Ellos tenían destinos distintos.
Ella venía del África. Había nacido de la trilogía de los tambores Batá, en la mística región Yoruba, bajo un sol radiante que tostó su piel intensamente y le dió ese aire imponente de diosa de la muerte.
Había crecido al ritmo de la percusión que marcaba danza y guerra al mismo tiempo, entre el arado hostil, las batallas tribales y la sanación que cura no solamente el cuerpo.
Él venía de las montañas tibetanas, de las alturas blancas y del respirar pausado, encontraba en el timbre de los cuencos arrullo y también sosiego. Él era luz y vidas pasadas, era longevidad y miopía de futuro. Desde que era un niño se había dado a la ardua tarea de conocer su pasado milenario y través del alma misma había aprendido a volar para embarcarse en éxodos galácticos.
Ella era tierra agrietada y raíces fuertes, había sido esclava y aprendido a curar el alma de la traición humana. Él era en cambio ligero, hecho de frío que quema y penetra. Era guerrero del silencio y había aprendido a gobernar amorosamente sobre los estragos de la guerra.

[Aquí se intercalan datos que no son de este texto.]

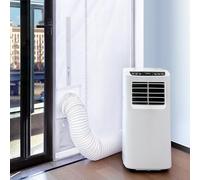 Loviga Kit de Puerta de Aire Acondicionado Portátil 100% Sellado con Apertura de Cremallera para Entrada&Exterior, 80X219cm Longitud Ajustable, Doble Manguera de Ventilación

Hoy, al calor del vino siciliano y de los sabores de las especias del mundo, en una mesa vestida modestamente de mantel a cuadros rojos y blancos, a luz de una vela empotrada en una botella de cristal verde, en un restaurante mágicamente escondido entre los pasajes solitarios y fríos de una de aquellas viejas ciudades europeas, en medio de un invierno de neblina tan densa, mirándose a los ojos tan cerca, con las manos entrelazadas y amándose con ternura, supieron que en una vida pasada, él la había parido.
Hoy él entendía su oscuridad y ella encontraba en él la luz.
Allí estaban ellos con su humanidad desnuda e infinita.